Work request
All lines of the listing below are to be printed again exactly.

Data provided
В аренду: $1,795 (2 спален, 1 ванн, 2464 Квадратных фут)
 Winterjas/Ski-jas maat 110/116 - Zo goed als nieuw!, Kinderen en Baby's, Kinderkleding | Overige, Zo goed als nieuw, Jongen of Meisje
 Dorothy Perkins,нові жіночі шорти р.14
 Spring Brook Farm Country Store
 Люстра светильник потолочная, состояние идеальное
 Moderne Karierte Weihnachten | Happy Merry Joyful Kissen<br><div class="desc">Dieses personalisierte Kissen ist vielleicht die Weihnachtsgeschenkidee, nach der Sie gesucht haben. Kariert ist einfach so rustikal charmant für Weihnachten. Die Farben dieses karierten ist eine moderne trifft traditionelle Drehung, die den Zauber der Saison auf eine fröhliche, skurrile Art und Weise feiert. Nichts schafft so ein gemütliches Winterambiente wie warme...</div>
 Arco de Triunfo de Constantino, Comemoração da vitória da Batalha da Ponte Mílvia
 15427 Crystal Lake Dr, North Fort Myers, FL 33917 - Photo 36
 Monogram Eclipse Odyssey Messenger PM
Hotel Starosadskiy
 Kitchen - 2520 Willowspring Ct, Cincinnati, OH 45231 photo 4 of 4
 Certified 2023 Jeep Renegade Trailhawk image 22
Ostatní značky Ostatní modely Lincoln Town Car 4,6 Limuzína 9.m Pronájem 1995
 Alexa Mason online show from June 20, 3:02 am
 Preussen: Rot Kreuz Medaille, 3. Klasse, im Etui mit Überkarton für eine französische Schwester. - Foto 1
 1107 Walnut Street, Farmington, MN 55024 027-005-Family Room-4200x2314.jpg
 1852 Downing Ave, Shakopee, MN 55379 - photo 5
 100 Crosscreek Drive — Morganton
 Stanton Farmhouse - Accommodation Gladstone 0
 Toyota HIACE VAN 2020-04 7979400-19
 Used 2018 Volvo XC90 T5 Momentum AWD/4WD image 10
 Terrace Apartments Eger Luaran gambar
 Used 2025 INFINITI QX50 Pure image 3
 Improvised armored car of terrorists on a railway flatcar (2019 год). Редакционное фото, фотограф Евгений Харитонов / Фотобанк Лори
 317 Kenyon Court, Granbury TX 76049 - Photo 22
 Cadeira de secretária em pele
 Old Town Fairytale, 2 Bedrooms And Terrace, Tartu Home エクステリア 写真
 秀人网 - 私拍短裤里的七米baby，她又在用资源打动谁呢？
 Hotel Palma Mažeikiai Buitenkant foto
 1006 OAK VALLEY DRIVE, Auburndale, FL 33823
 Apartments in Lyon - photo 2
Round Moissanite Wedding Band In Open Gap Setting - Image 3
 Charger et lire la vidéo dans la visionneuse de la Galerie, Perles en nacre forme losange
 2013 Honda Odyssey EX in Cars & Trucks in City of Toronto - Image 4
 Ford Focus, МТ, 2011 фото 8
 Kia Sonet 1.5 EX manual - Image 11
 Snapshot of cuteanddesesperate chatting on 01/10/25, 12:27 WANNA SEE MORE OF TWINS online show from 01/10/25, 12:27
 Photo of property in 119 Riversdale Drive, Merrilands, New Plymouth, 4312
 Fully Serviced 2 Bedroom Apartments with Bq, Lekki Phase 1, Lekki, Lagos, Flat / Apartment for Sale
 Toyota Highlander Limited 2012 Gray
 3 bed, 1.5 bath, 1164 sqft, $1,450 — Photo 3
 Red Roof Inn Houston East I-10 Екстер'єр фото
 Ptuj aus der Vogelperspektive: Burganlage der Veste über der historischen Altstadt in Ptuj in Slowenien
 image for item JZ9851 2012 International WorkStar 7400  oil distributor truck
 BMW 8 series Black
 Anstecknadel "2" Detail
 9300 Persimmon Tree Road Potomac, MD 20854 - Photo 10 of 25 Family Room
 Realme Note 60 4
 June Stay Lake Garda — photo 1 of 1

Answer for the task
В аренду: $1,795 (2 спален, 1 ванн, 2464 Квадратных фут)
 Winterjas/Ski-jas maat 110/116 - Zo goed als nieuw!, Kinderen en Baby's, Kinderkleding | Overige, Zo goed als nieuw, Jongen of Meisje
 Dorothy Perkins,нові жіночі шорти р.14
 Spring Brook Farm Country Store
 Люстра светильник потолочная, состояние идеальное
 Moderne Karierte Weihnachten | Happy Merry Joyful Kissen<br><div class="desc">Dieses personalisierte Kissen ist vielleicht die Weihnachtsgeschenkidee, nach der Sie gesucht haben. Kariert ist einfach so rustikal charmant für Weihnachten. Die Farben dieses karierten ist eine moderne trifft traditionelle Drehung, die den Zauber der Saison auf eine fröhliche, skurrile Art und Weise feiert. Nichts schafft so ein gemütliches Winterambiente wie warme...</div>
 Arco de Triunfo de Constantino, Comemoração da vitória da Batalha da Ponte Mílvia
 15427 Crystal Lake Dr, North Fort Myers, FL 33917 - Photo 36
 Monogram Eclipse Odyssey Messenger PM
Hotel Starosadskiy
 Kitchen - 2520 Willowspring Ct, Cincinnati, OH 45231 photo 4 of 4
 Certified 2023 Jeep Renegade Trailhawk image 22
Ostatní značky Ostatní modely Lincoln Town Car 4,6 Limuzína 9.m Pronájem 1995
 Alexa Mason online show from June 20, 3:02 am
 Preussen: Rot Kreuz Medaille, 3. Klasse, im Etui mit Überkarton für eine französische Schwester. - Foto 1
 1107 Walnut Street, Farmington, MN 55024 027-005-Family Room-4200x2314.jpg
 1852 Downing Ave, Shakopee, MN 55379 - photo 5
 100 Crosscreek Drive — Morganton
 Stanton Farmhouse - Accommodation Gladstone 0
 Toyota HIACE VAN 2020-04 7979400-19
 Used 2018 Volvo XC90 T5 Momentum AWD/4WD image 10
 Terrace Apartments Eger Luaran gambar
 Used 2025 INFINITI QX50 Pure image 3
 Improvised armored car of terrorists on a railway flatcar (2019 год). Редакционное фото, фотограф Евгений Харитонов / Фотобанк Лори
 317 Kenyon Court, Granbury TX 76049 - Photo 22
 Cadeira de secretária em pele
 Old Town Fairytale, 2 Bedrooms And Terrace, Tartu Home エクステリア 写真
 秀人网 - 私拍短裤里的七米baby，她又在用资源打动谁呢？
 Hotel Palma Mažeikiai Buitenkant foto
 1006 OAK VALLEY DRIVE, Auburndale, FL 33823
 Apartments in Lyon - photo 2
Round Moissanite Wedding Band In Open Gap Setting - Image 3
 Charger et lire la vidéo dans la visionneuse de la Galerie, Perles en nacre forme losange
 2013 Honda Odyssey EX in Cars & Trucks in City of Toronto - Image 4
 Ford Focus, МТ, 2011 фото 8
 Kia Sonet 1.5 EX manual - Image 11
 Snapshot of cuteanddesesperate chatting on 01/10/25, 12:27 WANNA SEE MORE OF TWINS online show from 01/10/25, 12:27
 Photo of property in 119 Riversdale Drive, Merrilands, New Plymouth, 4312
 Fully Serviced 2 Bedroom Apartments with Bq, Lekki Phase 1, Lekki, Lagos, Flat / Apartment for Sale
 Toyota Highlander Limited 2012 Gray
 3 bed, 1.5 bath, 1164 sqft, $1,450 — Photo 3
 Red Roof Inn Houston East I-10 Екстер'єр фото
 Ptuj aus der Vogelperspektive: Burganlage der Veste über der historischen Altstadt in Ptuj in Slowenien
 image for item JZ9851 2012 International WorkStar 7400  oil distributor truck
 BMW 8 series Black
 Anstecknadel "2" Detail
 9300 Persimmon Tree Road Potomac, MD 20854 - Photo 10 of 25 Family Room
 Realme Note 60 4
 June Stay Lake Garda — photo 1 of 1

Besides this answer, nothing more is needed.